Normal roughing Turning or Facing C-2 or C-3 grade: Negative rate square insert, 45 degree SCEA, 1/32 in nose radius. Tool holder: 5 degree neg. back rake, 5 degree neg. side rake. Speed: 90 sfm depending on rigidity of set up, 0.010 in. feed, 0.150 in. depth of cut. Dry, oil, or water-base coolant.
Finishing Turning or Facing C-2 or C-3 grade: Positive rake square insert, if possible, 45 degree SCEA, 1/32 in. nose radius. Tool holder: 5 degree pos. back rake, 5 degree pos. side rake.
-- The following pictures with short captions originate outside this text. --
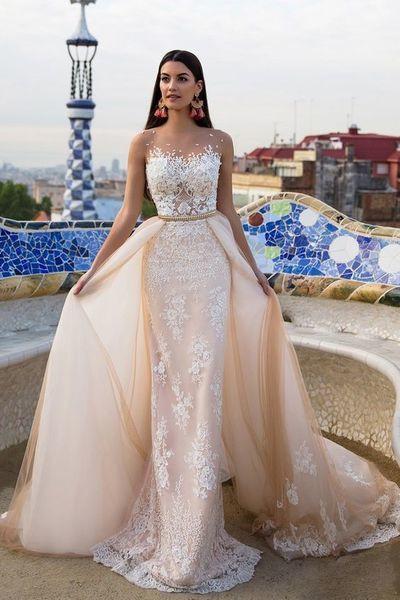 Lace prom dresses Elegant modest wedding dresses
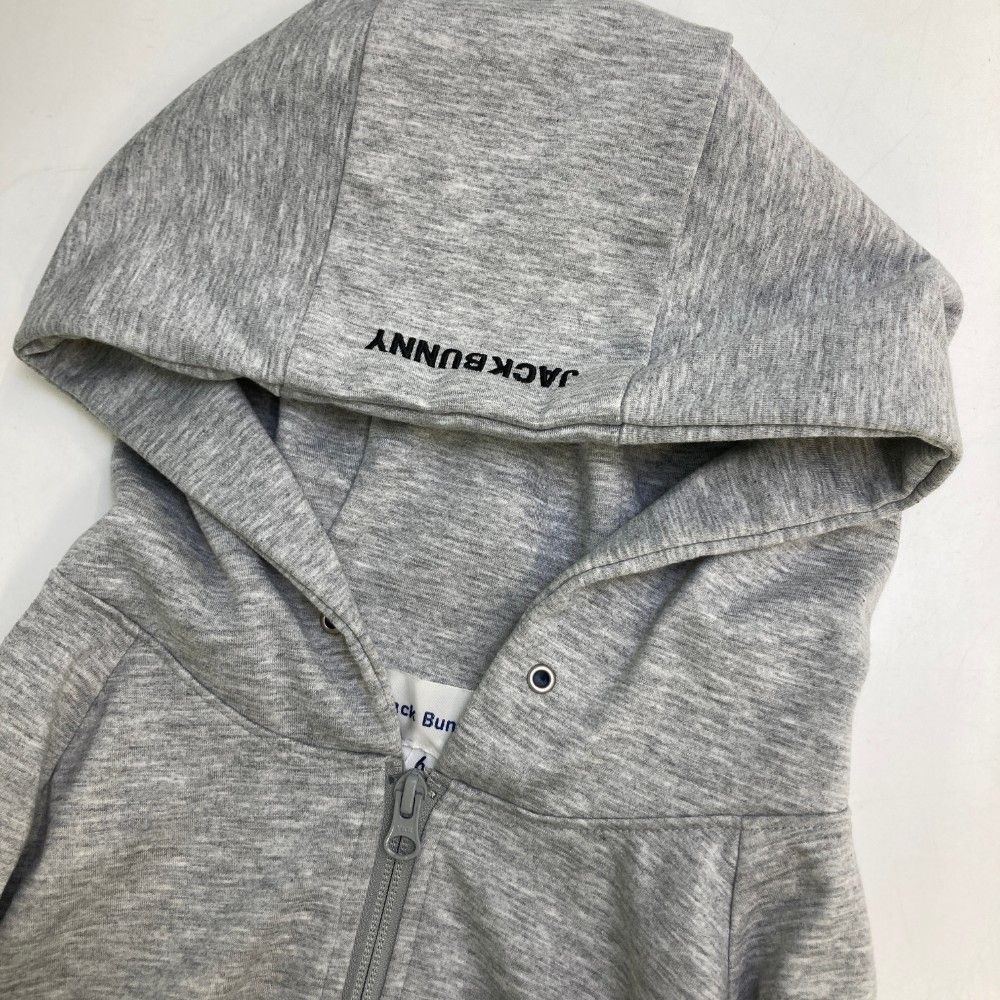 サイズ：6 JACK BUNNY ジャックバニー  ジップパーカー  グレー系 [240101422728] ゴルフウェア メンズ ストスト サイズ：6 JACK BUNNY ジャックバニー ジップパーカー グレー系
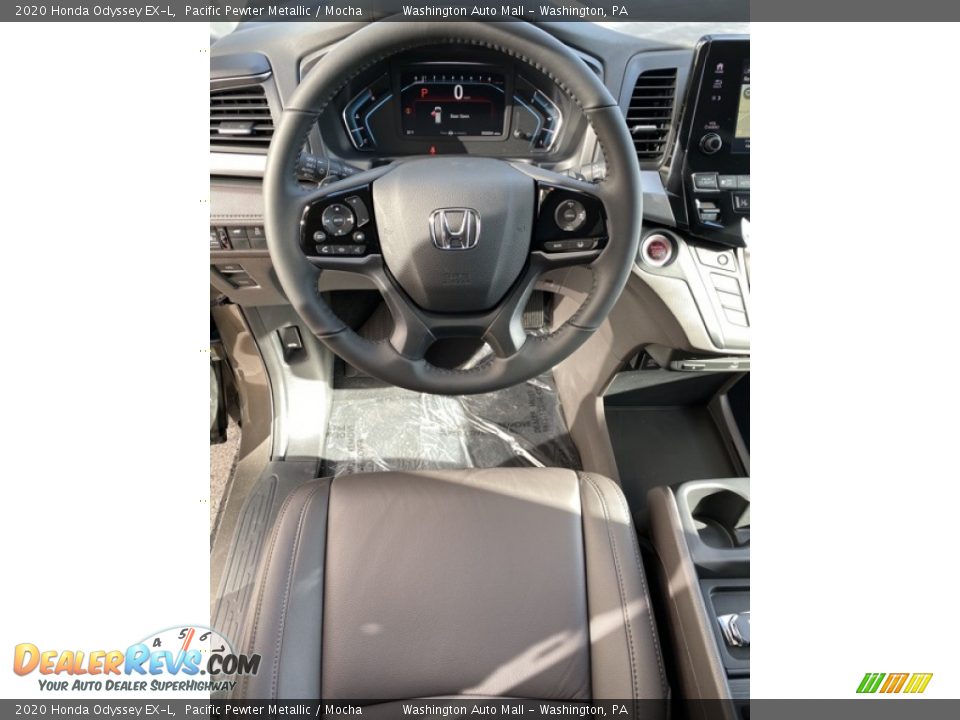 2020 Honda Odyssey EX-L Pacific Pewter Metallic / Mocha Photo #13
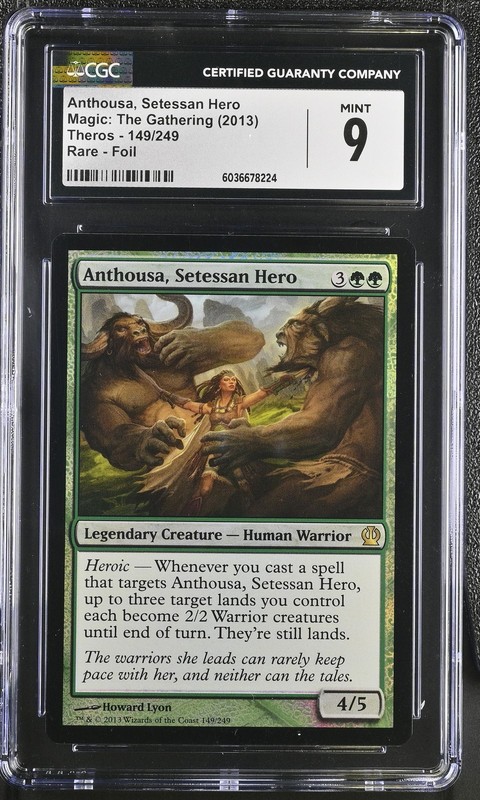 ANTHOUSA, SETESSAN HERO Theros Foil Rare CGC 9 MTG EDH [Nostalgium]
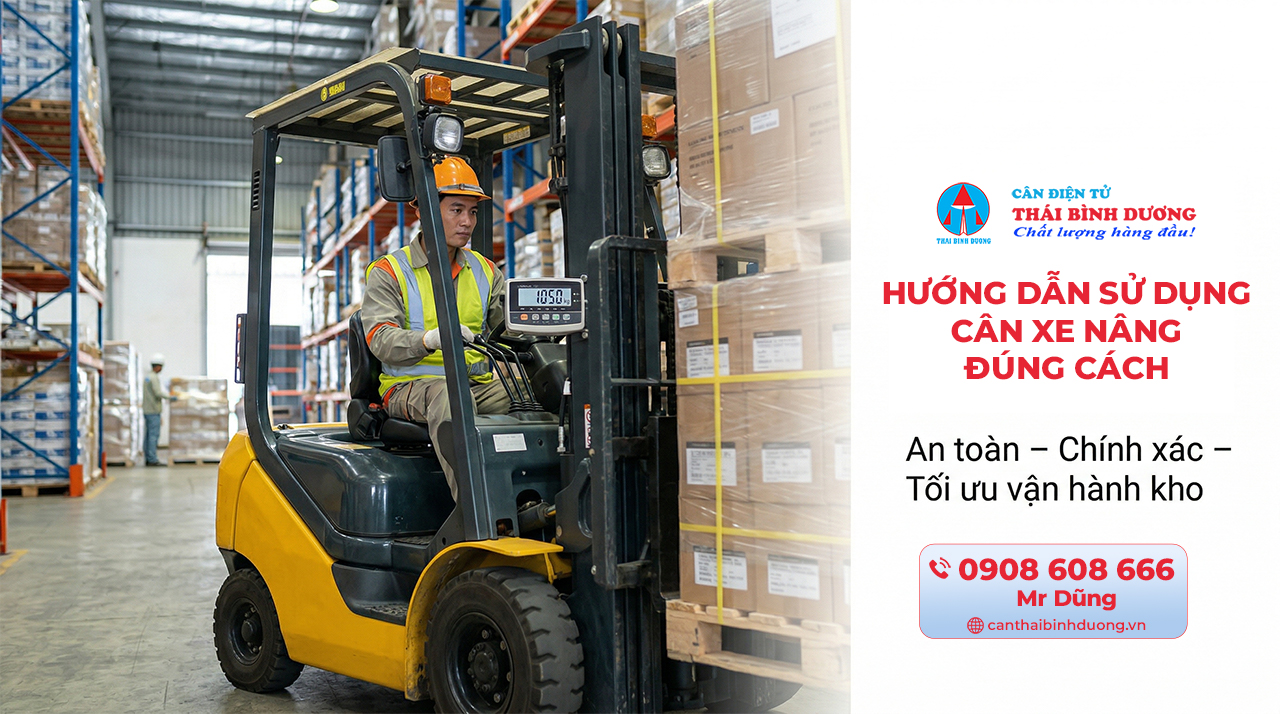 hướng dẫn sử dụng cân xe nâng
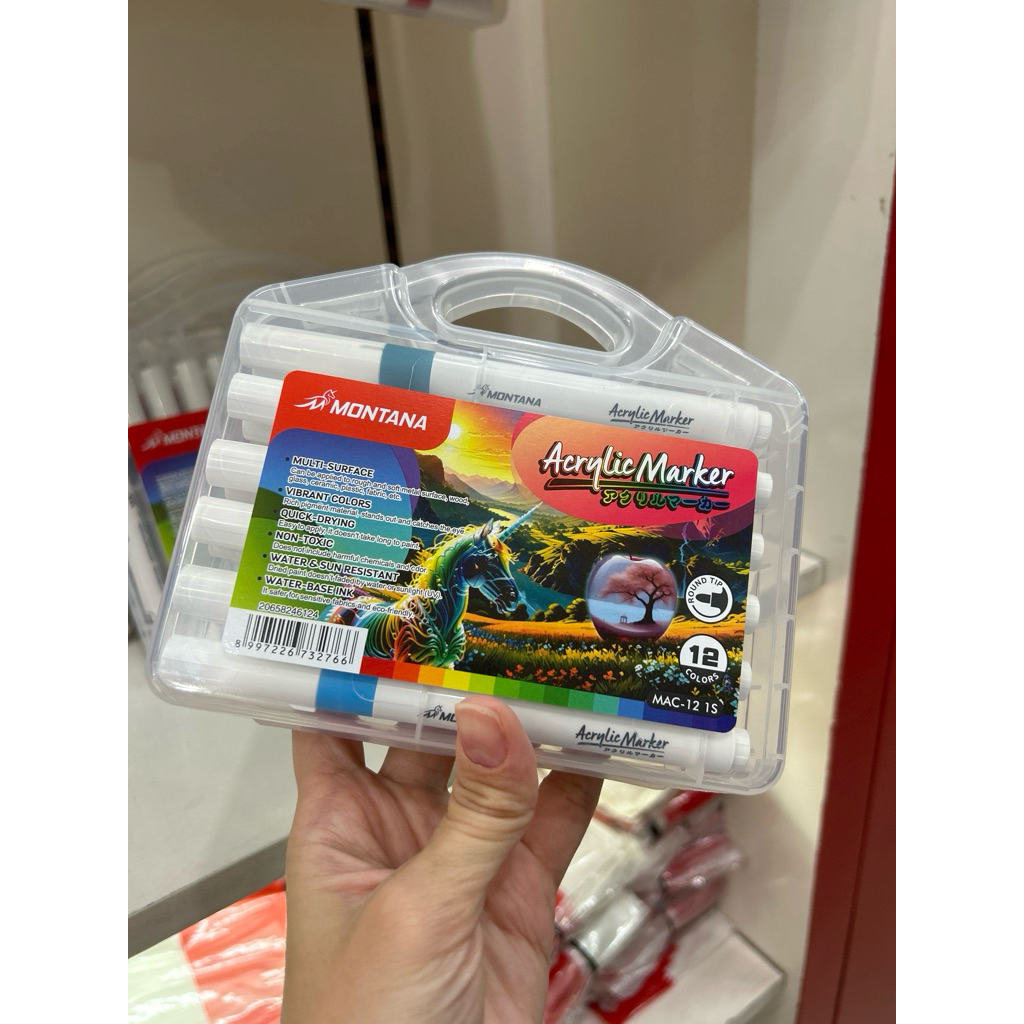 

Spidol Acrylic Montana 12 Warna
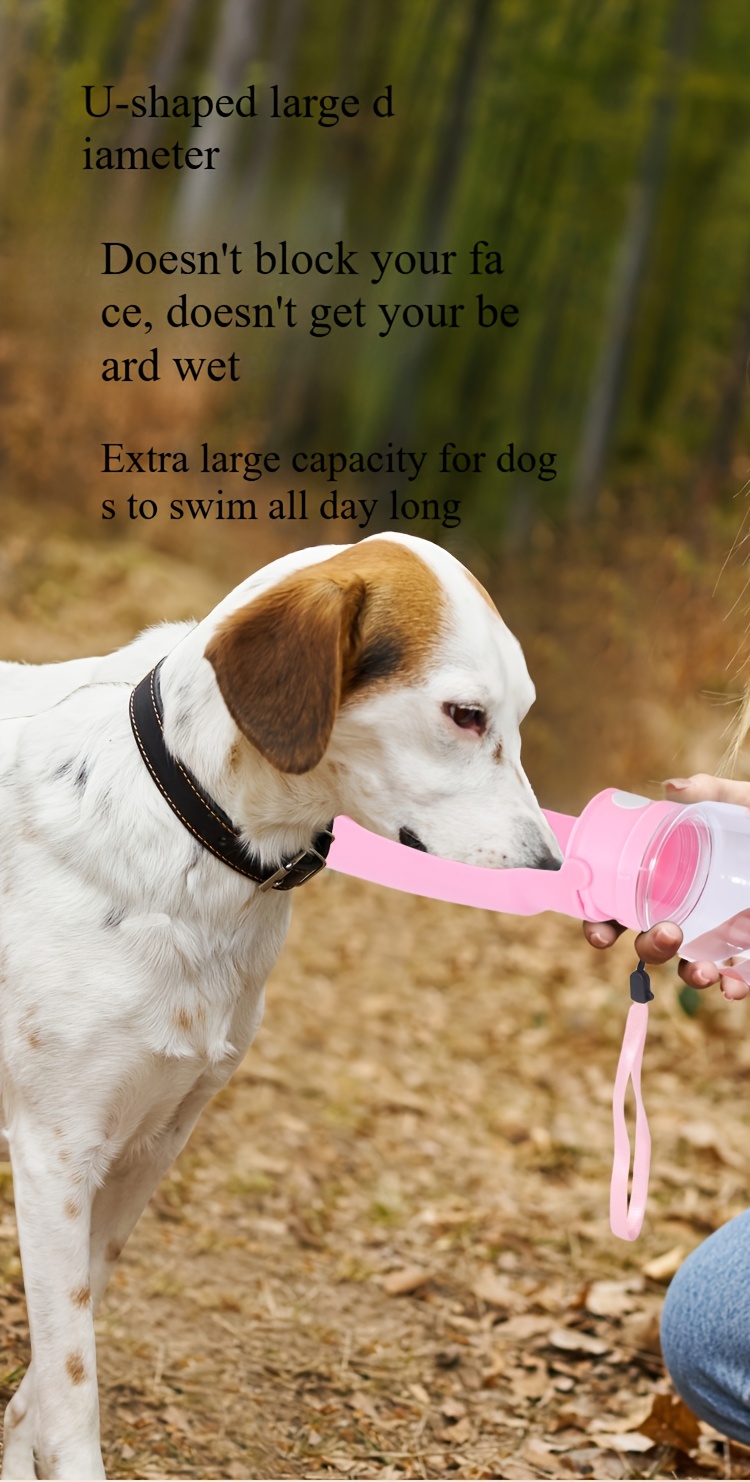 foldable pet water bottle portable dog travel cup large capacity leak proof drinking feeding bowl for outdoor   Product details 4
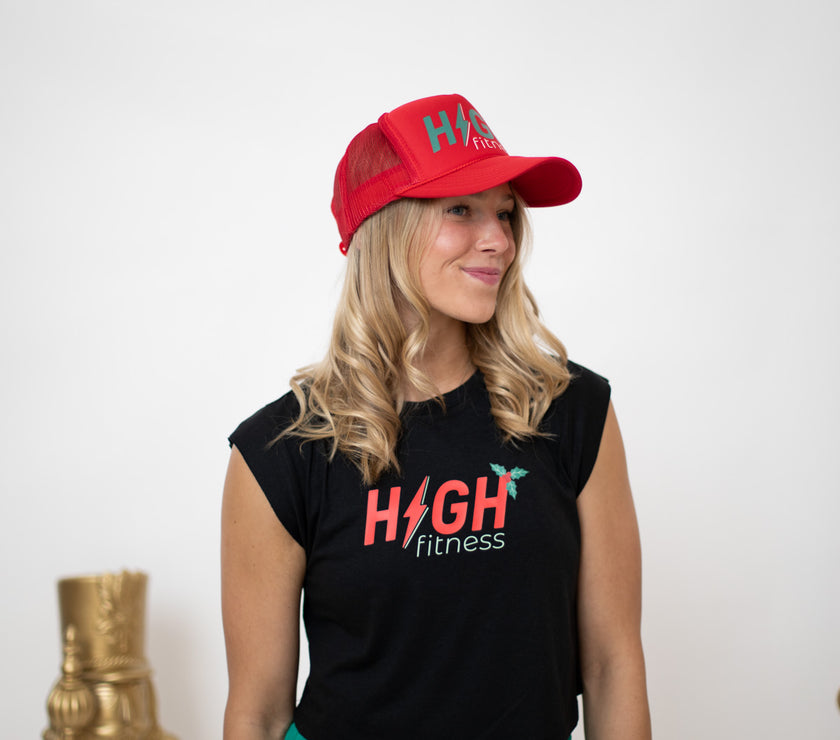 HIGH Trucker Hat | Holiday Red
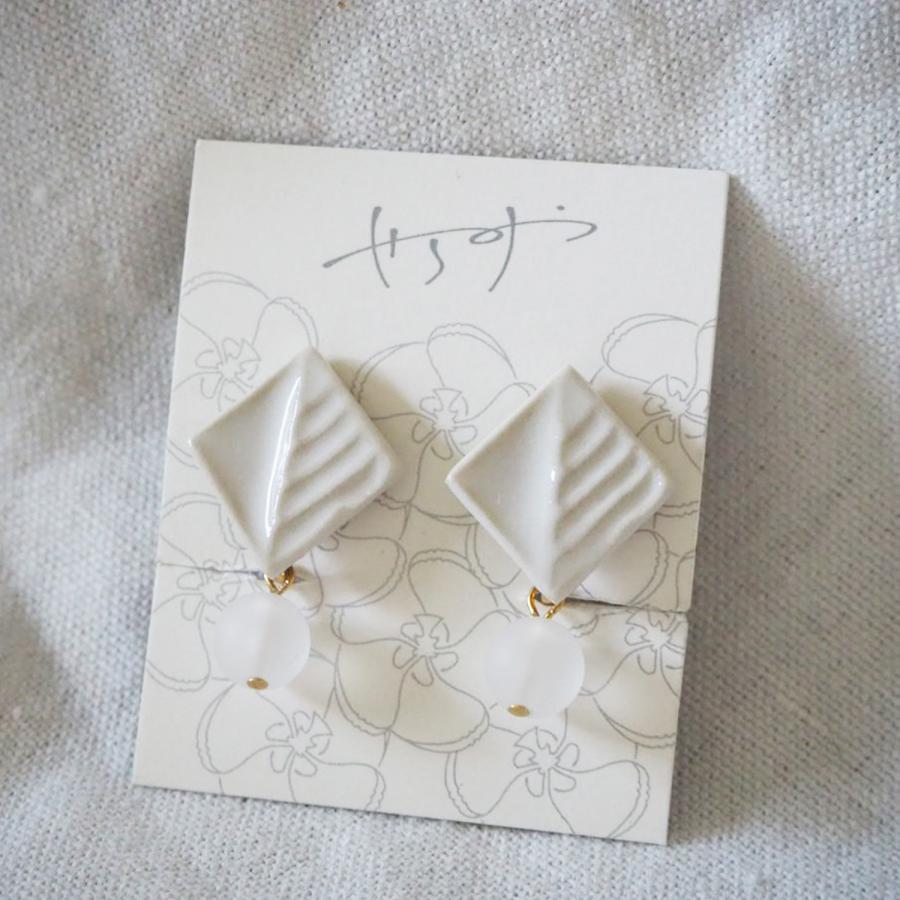 京焼 清水焼 イヤリング せらみ屋 陶器とビーズ 焼き物 和風アクセサリー 着物  和小物 アクセサリー 芙蓉窯 |  | 01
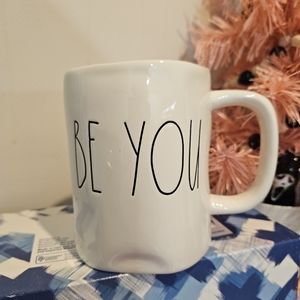 Rae Dunn Be You mug with pink inside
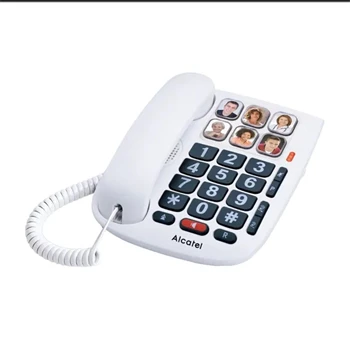 Telefon készülék ALCATEL TMAX10 (vezetékes, nagy gomb) FEHÉR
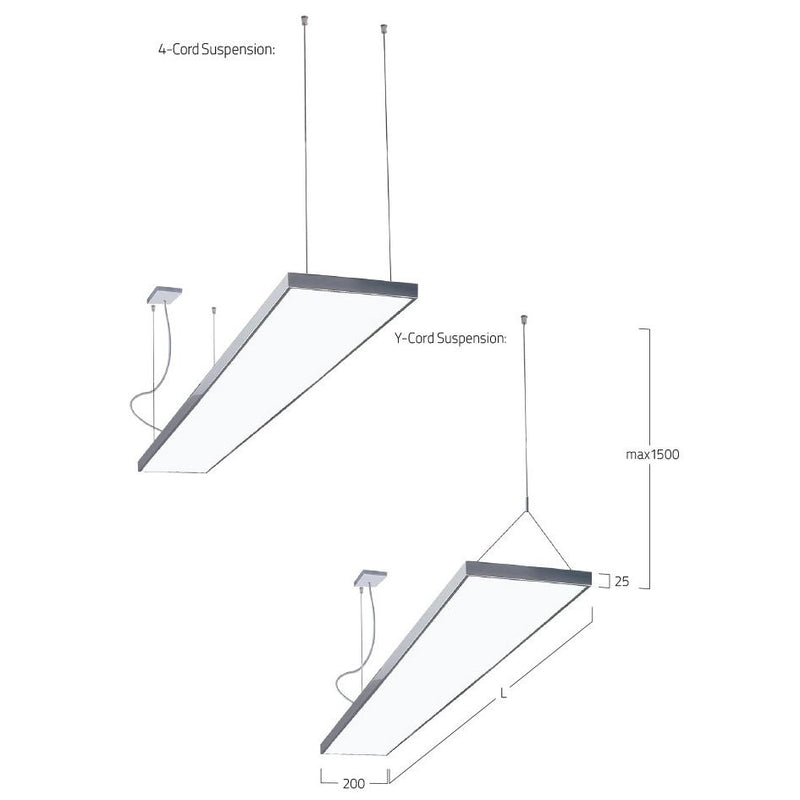 Lightnet - Pendelleuchte LED-Pendelleuchte CP4AEL-840M-L1500-YC 4000K, d/i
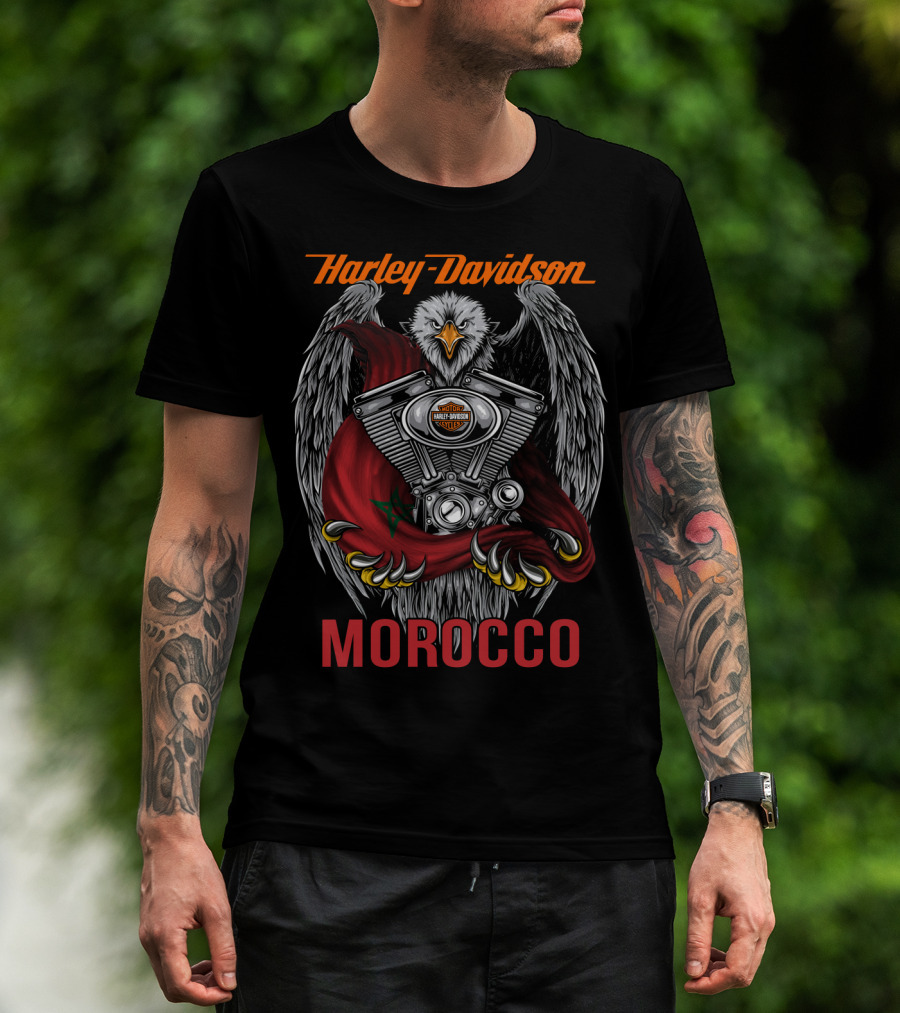 Harley Davidson Morocco Eagle Engine T-Shirt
Speed: 95-110 sfm, 0.005-0.007 in. feed, 0.040 in. depth of cut. Dry or water-base coolant.
Rough Boring C-2 or C-3 grade: If insert type boring bar, use standard positive rake tools with largest possible SCEA and 1/16 in. nose radius. If brazed tool bar, grind 0 degree back rake, 10 degree pos. side rake, 1/32 in. nose radius and largest possible SCEA. Speed: 70 sfm depending on the rigidity of setup, 0.005-0.008 in. feed, 1/8 in. depth of cut. Dry, oil or water-base coolant.
Finish Boring C-2 or C-3 grade: Use standard positive rake tools on insert type bars. Grind brazed tools as for finish turning and facing except back rake may be best at 0 degrees. Speed: 95-110 sfm, 0.002-0.004 in feed. Water-base coolant.
Facing Milling Carbide not generally successful, C- grade may work. Use positive axial and radial rake, 45 degree corner angle, 10 degree relief angle. Speed: 50-60 sfm. Feed: 0.005-0.008 in. Oil or waterbase coolants will reduce thermal shock damage of carbide cutter teeth.
End Milling Not recommended, but C-2 grades may be successful on good setups. Use positive rake. Speed: 50-60 sfm. Feed: Same as high speed steel. Oil or water-base coolants will reduce thermal shock damage.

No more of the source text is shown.